* Data extract
****

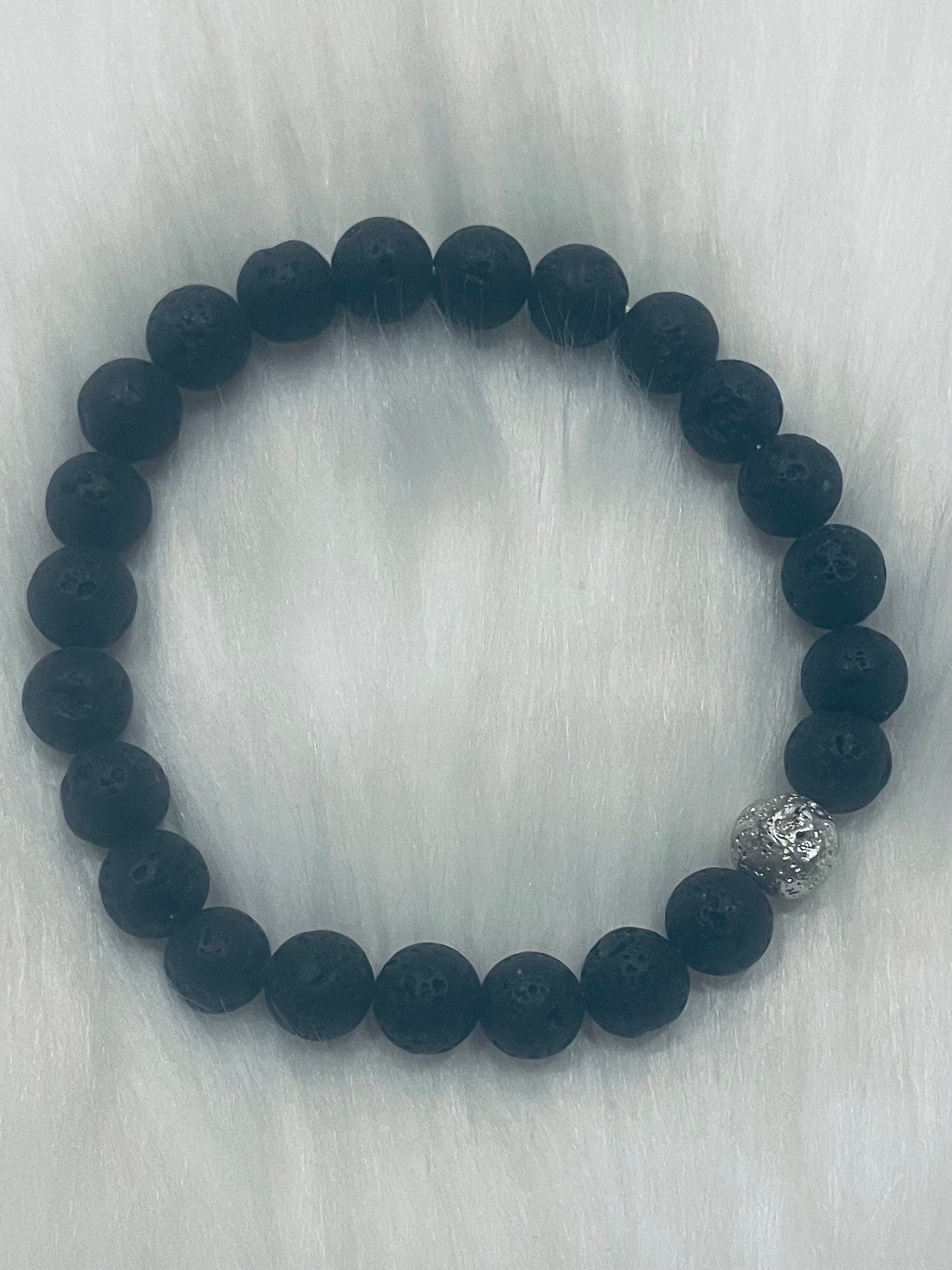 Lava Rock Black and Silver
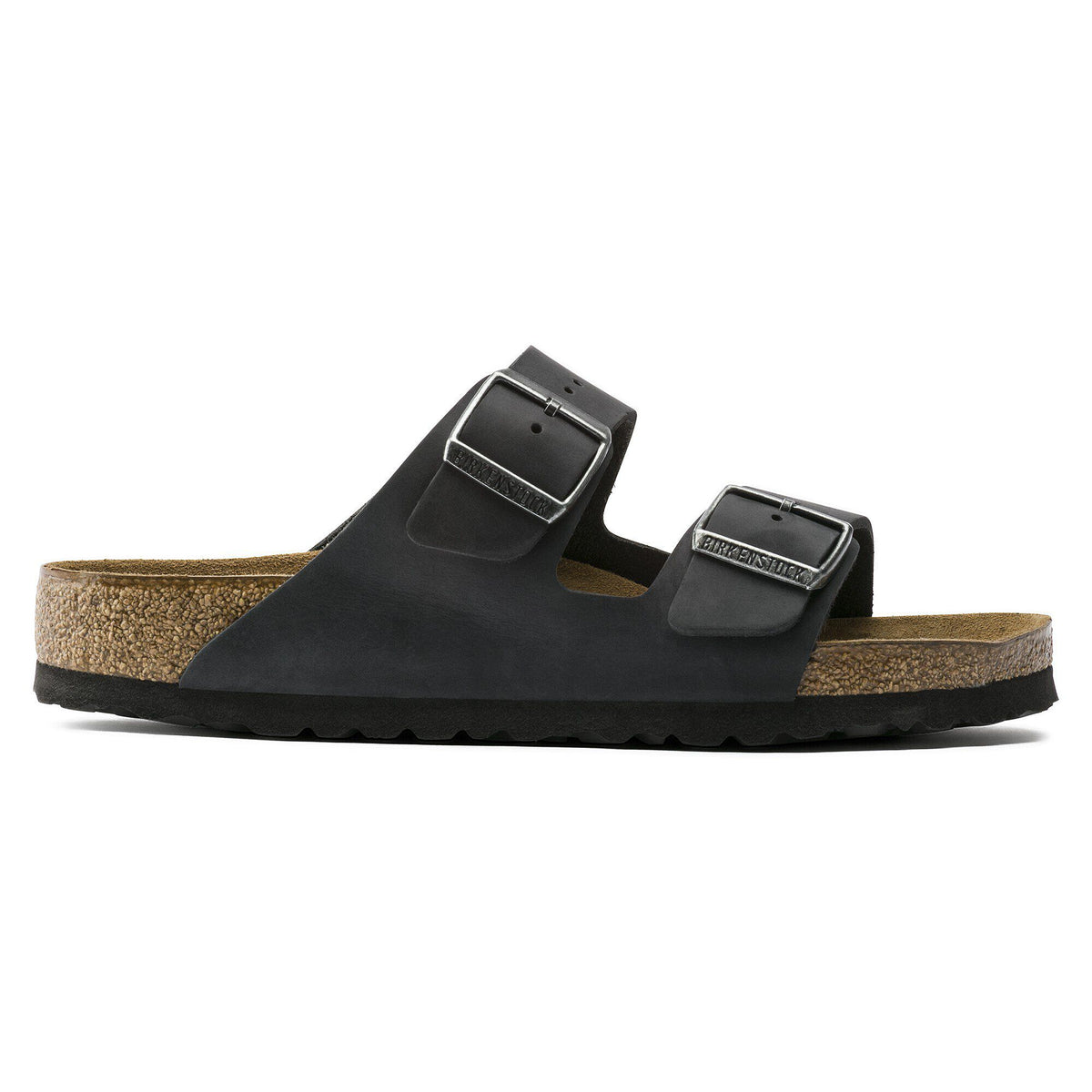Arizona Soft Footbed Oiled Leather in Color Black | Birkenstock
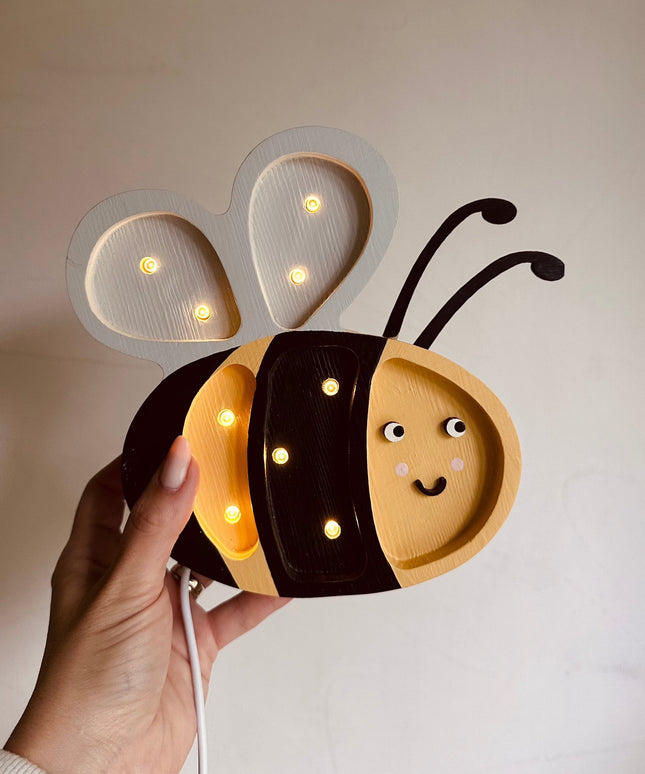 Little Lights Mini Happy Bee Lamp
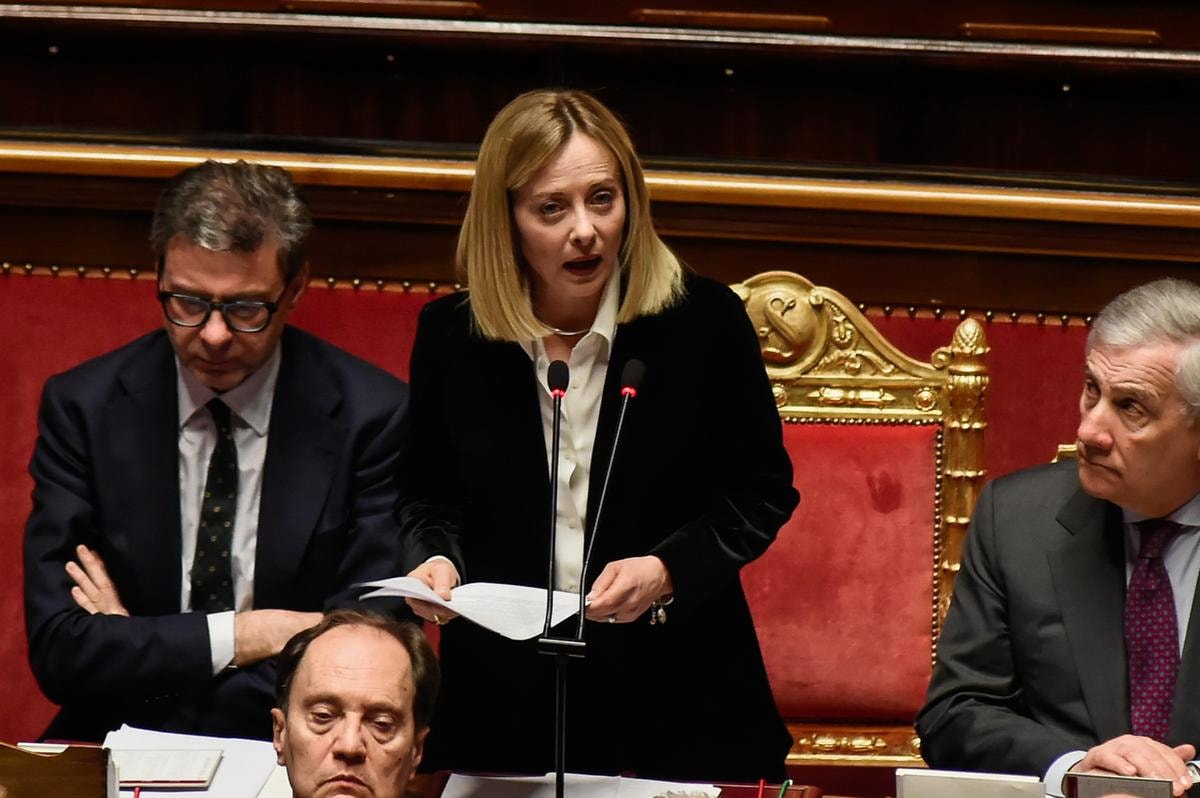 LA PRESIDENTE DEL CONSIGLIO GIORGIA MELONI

****

* Task directions
Repeat the listing verbatim without its pictures.

* Result of the task
 Lava Rock Black and Silver
Arizona Soft Footbed Oiled Leather in Color Black | Birkenstock
 Little Lights Mini Happy Bee Lamp
 LA PRESIDENTE DEL CONSIGLIO GIORGIA MELONI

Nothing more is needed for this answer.